La riserva di programmazione pubblica dei servizi e delle risorse finanziarie: alcune considerazioni emergenti dall’affermazione del c.d. diritto all’affettività dei detenuti
di Emanuele Comi
La sentenza n. 10/2024 della Corte costituzionale, così come è stata applicata dalla giurisprudenza della Cassazione e della magistratura di sorveglianza, ha comportato non solo l’emersione di un “diritto all’affettività”, ma anche l’affermazione di un obbligo di prestazione (specifica e dettagliata) della cui erogazione è stata onerata l’Amministrazione penitenziaria. Di fronte alla perdurante inerzia del legislatore, alle varie strutture detentive viene, così, imposto (meglio, ordinato) di esaudire le richieste di «colloqui intimi» entro termini perentori, senza alcuna considerazione della situazione organizzativa.
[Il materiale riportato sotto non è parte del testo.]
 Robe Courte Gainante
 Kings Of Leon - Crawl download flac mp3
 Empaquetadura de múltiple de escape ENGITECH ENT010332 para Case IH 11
Se il riconoscimento di tale diritto è stato salutato con soddisfazione dalla dottrina che si occupa della condizione carceraria, non può non rilevarsi che la soluzione applicativa cui è arrivata la giurisprudenza di merito stravolge la programmazione pubblica dei servizi e delle risorse finanziarie, ledendo la riserva di amministrazione e il principio di programmazione pubblica. Lo strumento programmatorio, tuttavia, è l’unico che è in grado di garantire una ponderata soddisfazione nell’erogazione di tutte le componenti del trattamento penitenziario e rieducativo, in condizioni di effettiva eguaglianza e parità tra i fruitori.